What Everybody Wants Except The Politicians

grayscale photo of protesters on a street

Most of the issues that are mentioned in political discussions are extremely contentious. That’s usually what you see presented on the news or in fiery comment threads online. It’s what you see when protestors and counter-protestors clash in public. It’s what you see when current officeholders release messages: scorched earth commentary all controversy and almost zero substance.

But it turns out that there are a handful of issues that almost everyone supports except for politicians. And all of these issues are about power and trust. For example:

Term Limits – A whopping 80% of Americans support the idea of preventing politicians from keeping the same office forever [1]. A few states have managed to do this for a few positions, but usually through citizen initiatives and not via the elected representatives. And as I’ve said before, support for term limits shows how much we distrust elected officials.

Personal Internet Privacy – Almost everyone in America feels the same way. We think that “social media companies should be regulated to protect the privacy of personal data.” And this isn’t a partisan issue: 87% of Democrats, 87% of Republicans and 86% of Independents agree with this statement [2]. Yet, we haven’t seen much lately on this topic. Which is probably because of the massive political campaign donations from tech companies [3].

Special Interest Groups – Pretty much all of us (76%) agree that the government is run by a few big organizations and wealthy individuals looking out for themselves—not by representatives and bureaucrats serving the people [4]. But since 1998, total spending on lobbying has more than doubled and shows no sign of slowing down [5].

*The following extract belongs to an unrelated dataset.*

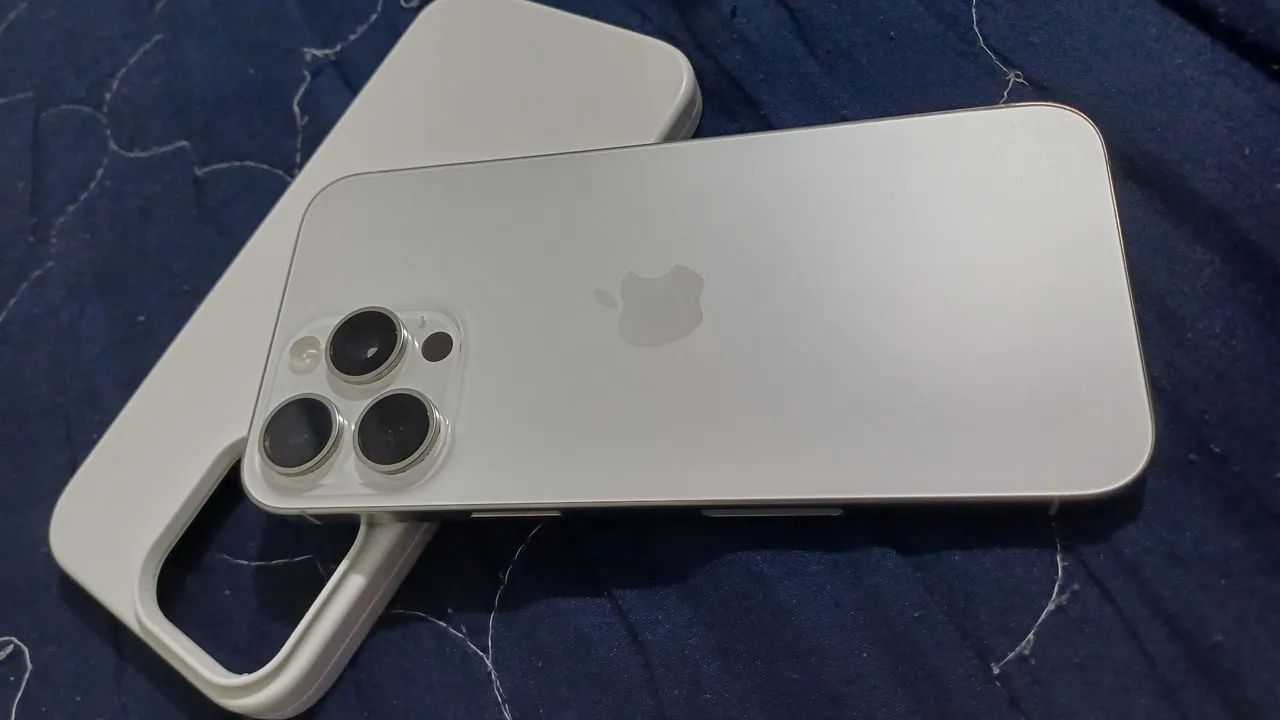 Iphone 15 Pro Max - Foto 5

Redistricting – This is the topic of the moment (which I’ve also talked about before) because states are required by the U.S. Constitution to redraw their lines every ten years following the Census. If you ask average people, most of them don’t think politicians should be responsible for drawing their own districts [6]. But that’s what’s happening. And if you go to the hearings (as I’ve been doing) you’ll hear citizen after citizen standing up to express concern—but no one standing up to say that they support the proposed maps.


These examples should not exist. Politicians should be talking about controversial topics, debating and studying them, listening to voters. But if an issue is one where almost everyone feels the same way, why aren’t we passing a law and moving on?

Because in many ways, the politicians aren’t here for us. They are here for themselves.


[1] Here’s one poll, and here’s a roundup of other polls from years ago, and here’s a poll suggesting widespread support for term limits even on Supreme Court justices.

[2] This comes from a 2020 poll conducted by Harvard University.

[3] The Observer has reported on these donations which tend to lean Democratic. But there hasn’t been much movement on the topic, beyond a couple of bills (like the SAFE DATA Act) which are stuck in committee.

[4] According to Pew Research in 2018. And that’s 71% of Republicans and 86% of Democrats.

[5] Probably more than doubled. A Statista chart claims an increase from $1.45B to $3.49B in the last two decades. But in truth, we really don’t know how much is being spent on lobbying, because the data isn’t coded correctly. Yikes.

[6] People generally support independent redistricting commissions.